For popular culture pundits, she was the writer who introduced Emine Erdoğan to her future husband, President Recep Tayyip Erdoğan. Şenler was, of course, more than this and left her mark in the history of Muslim women in modern Turkey with her writings and unflinching activism that landed her in prison.
She was born in 1938 in central Turkey's Kayseri to a relatively secular family, who later settled in Istanbul. Şenler dropped out of school and had to work when her family went bankrupt and her mother ailed. She worked as an assistant to an Armenian tailor after leaving middle school, an experience that later led her design of a new type of headscarf for conservative women.
Nevertheless, she found her true calling in writing. She was only 14 when her stories were published in Yelpaze magazine. It was also the writing that led her to adopt "Şule" as her first name as Yüksel was a unisex name and she wanted to highlight her gender.

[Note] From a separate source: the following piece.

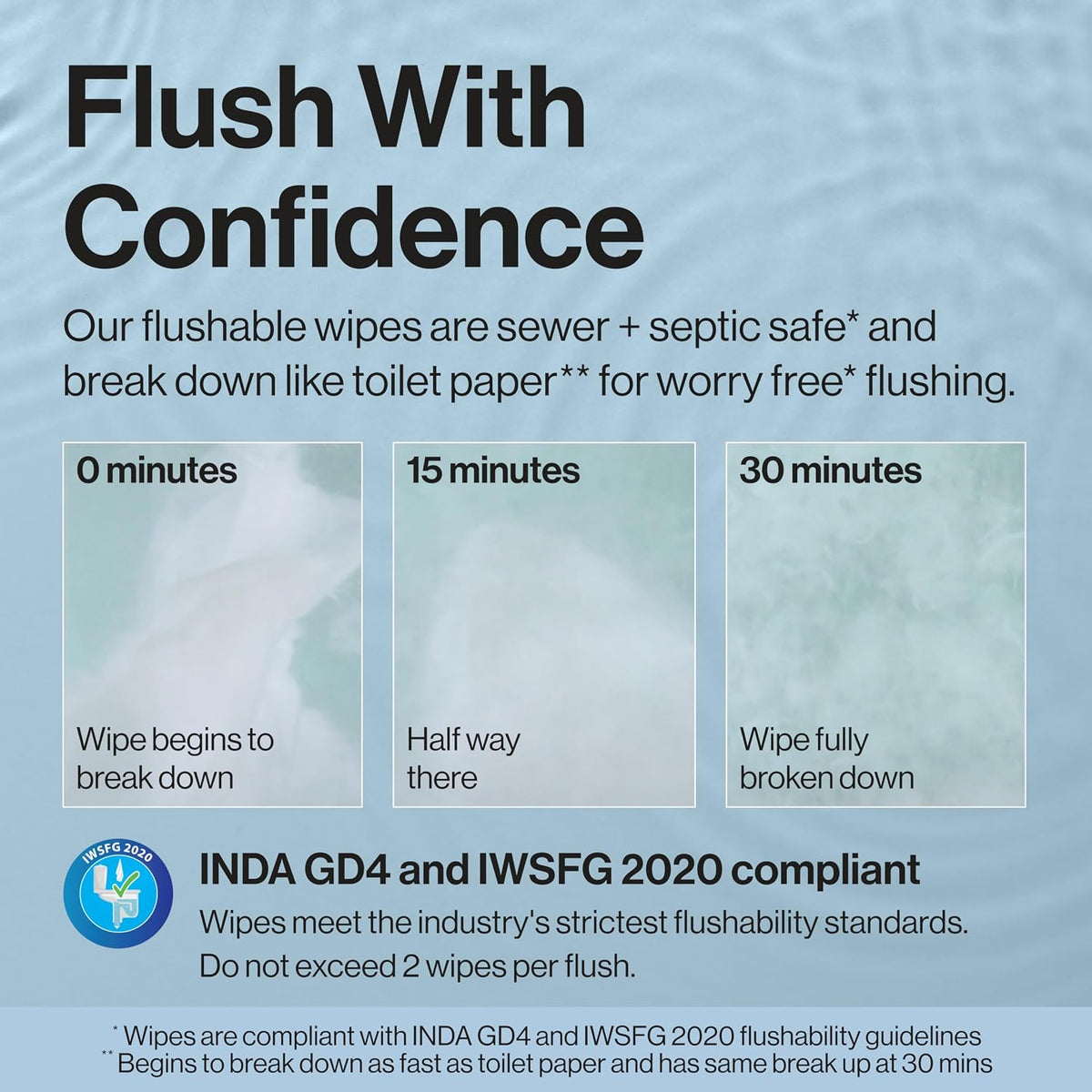 Flushable Wipes, Hypoallergenic, Gilded Wings, 126 Count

She was in her 20s when she started penning articles in the Kadın (Woman) newspaper. Though a conservative woman, she was not a practicing Muslim up until her 20s and would later credit her elder brother for introducing her to her new lifestyle. Her brother's advice to read "Risale," a popular book by prominent cleric Said Nursi, changed her life and she started covering her head and performing prayers in the 1960s. Her life would also take another direction in those years when she joined Yeni İstiklal newspaper, where she faced a barrage of lawsuits for her articles.
Şenler was a new voice for Muslim women in overtly "secular" Turkey where Muslim women were shunned in social life and faced a dire choice of either downplaying their religious views or risk criticism and worse by wearing a headscarf. Her articles and a series of conferences in the 1960s and 1970s helped shape the identity of well-educated Muslim women who increasingly took to wearing the headscarf. The headscarf issue that would haunt Muslim women for decades to come and led to their persecution, was Şenler's most renowned cause. So much so, women choosing to wrap their headscarf like her would be called "Şulebaş" (Şule head).
She pioneered a new path for women in headscarves with her journalism work as she was one of the first headscarf-wearing journalists in Turkey. Amid her busy schedule, she still found time to publish a magazine with her brother where she drew headscarf and long coat designs for Muslim women. Her designs received overwhelming interest among young women in Anatolia who increasingly took up wearing headscarves to schools. Years later, headscarf-wearing women would be banned from universities by the country's secular elite.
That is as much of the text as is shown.